EP by Alison Wonderland
- Released: 27 June 2014
- Length: 17:14
- Label: EMI

Alison Wonderland chronology
|  | Calm Down (2014) | Run (2015) |

Singles from Calm Down
- "I Want U" Released: 2 May 2014; "Cold" Released: September 2014;

= Calm Down (EP) =

Calm Down is the debut extended play from Australian electronic DJ and producer Alison Wonderland. In an interview with Beat Magazine, Wonderland said, "I wrote all of those songs in a week. I had this huge burst of creativity, got really inspired and just wrote them all." It was released on 27 June 2014 via EMI Music Australia.

==Critical reception==
Steph Payton from The AU Review gave the EP 9.7 out of 10, saying: "Before even reaching the one minute mark of the first track on Alison Wonderland's debut EP Calm Down you know this is the one you have been waiting for. Wonderland has packed everything that makes her live shows instant sell out's into five incredible songs. Powerful bass, stunning vocals and exciting samples."
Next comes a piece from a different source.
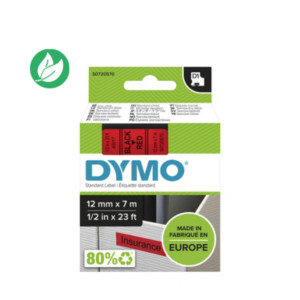 Dymo Ruban D1 S0720570 pour étiqueteuse - 12 mm x 7 m - Noir sur Rouge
Stephanie Tell from The Music gave the EP 3.5 out of 5, saying: "Drawing heavily on Flume, The Knife and M.I.A., Alison Wonderland's ultra-hip Calm Down has a split personality; straddling trashy club and clever EDM. Either way, listeners should find something to love between [the] use of adventurous, solemn strings and punchy, stop-start beats.".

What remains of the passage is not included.